(Crawled caption data)
--- --- ---

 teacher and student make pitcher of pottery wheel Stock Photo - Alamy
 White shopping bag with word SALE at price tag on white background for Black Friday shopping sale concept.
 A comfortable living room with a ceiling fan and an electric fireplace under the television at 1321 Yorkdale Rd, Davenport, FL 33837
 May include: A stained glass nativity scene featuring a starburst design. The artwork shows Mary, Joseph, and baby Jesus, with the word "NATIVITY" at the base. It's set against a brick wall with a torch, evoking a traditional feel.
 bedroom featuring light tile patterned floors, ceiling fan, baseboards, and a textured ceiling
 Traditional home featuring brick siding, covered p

--- --- ---

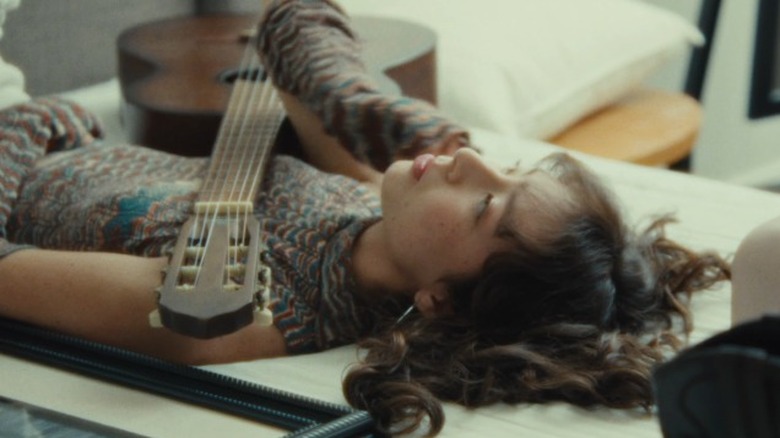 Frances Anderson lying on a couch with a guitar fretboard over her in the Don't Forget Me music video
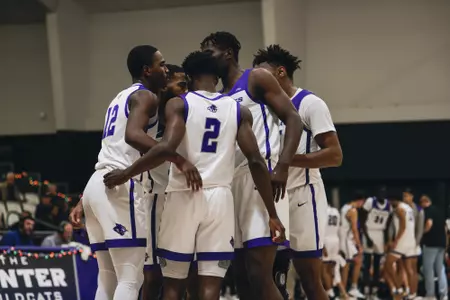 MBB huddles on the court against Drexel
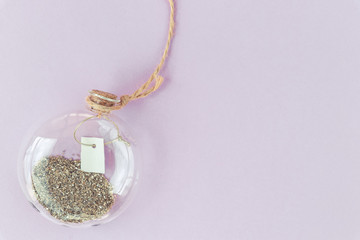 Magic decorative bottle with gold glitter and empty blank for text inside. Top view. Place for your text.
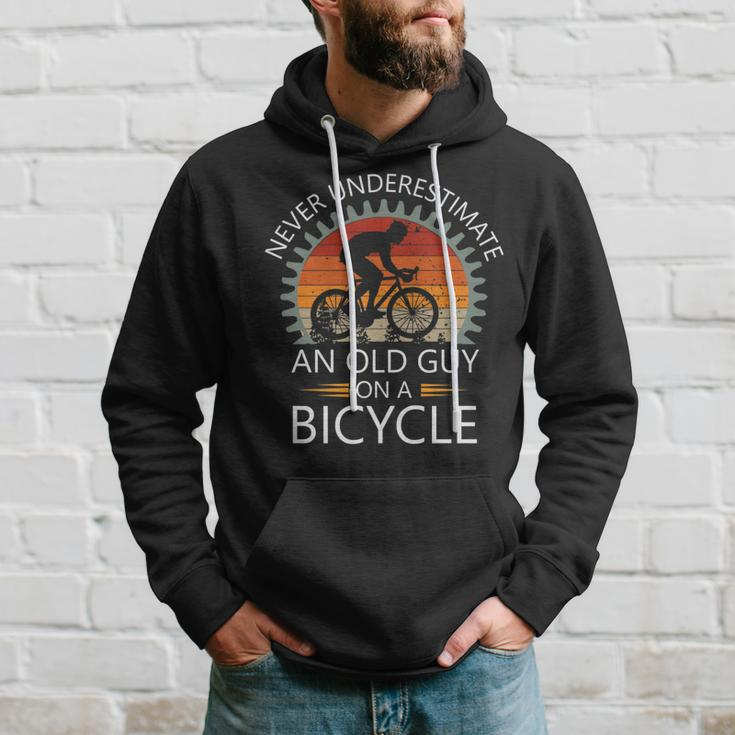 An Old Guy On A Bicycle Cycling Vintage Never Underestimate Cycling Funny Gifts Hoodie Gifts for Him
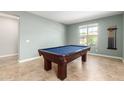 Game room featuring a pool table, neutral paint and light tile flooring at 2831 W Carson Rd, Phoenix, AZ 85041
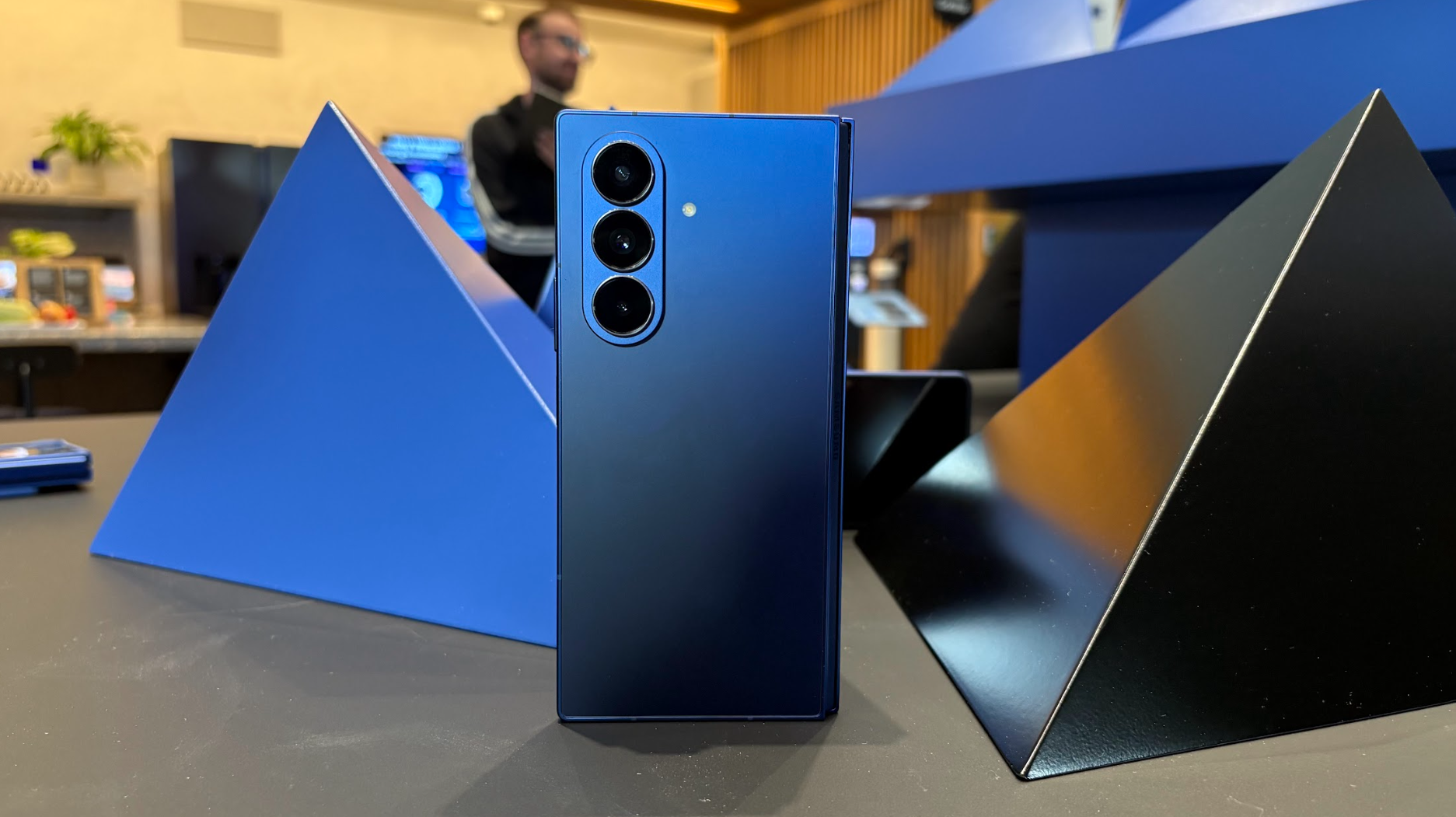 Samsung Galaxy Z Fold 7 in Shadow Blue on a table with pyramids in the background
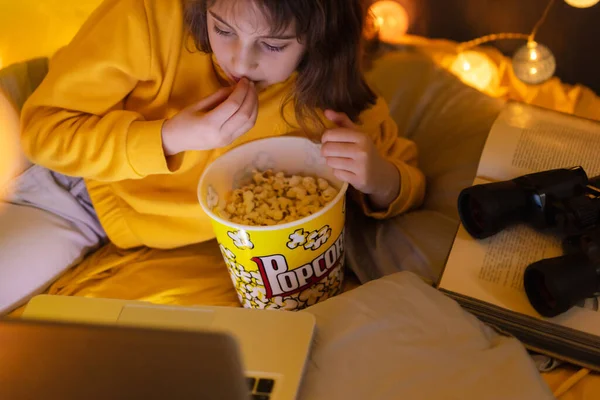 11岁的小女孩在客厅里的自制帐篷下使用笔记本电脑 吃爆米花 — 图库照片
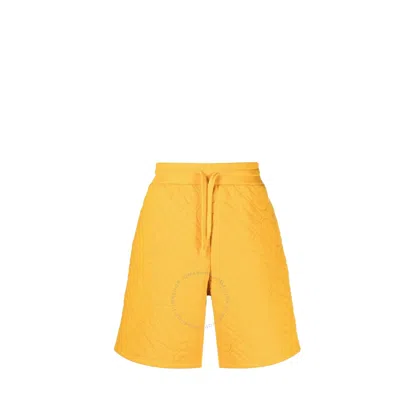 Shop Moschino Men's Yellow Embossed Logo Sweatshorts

--- --- ---

What you return should be exactly the lines above, starting at the one with "teacher and student" and ending at the one with "Traditional home featuring", and nothing else.

Task output:
 teacher and student make pitcher of pottery wheel Stock Photo - Alamy
 White shopping bag with word SALE at price tag on white background for Black Friday shopping sale concept.
 A comfortable living room with a ceiling fan and an electric fireplace under the television at 1321 Yorkdale Rd, Davenport, FL 33837
 May include: A stained glass nativity scene featuring a starburst design. The artwork shows Mary, Joseph, and baby Jesus, with the word "NATIVITY" at the base. It's set against a brick wall with a torch, evoking a traditional feel.
 bedroom featuring light tile patterned floors, ceiling fan, baseboards, and a textured ceiling
 Traditional home featuring brick siding, covered p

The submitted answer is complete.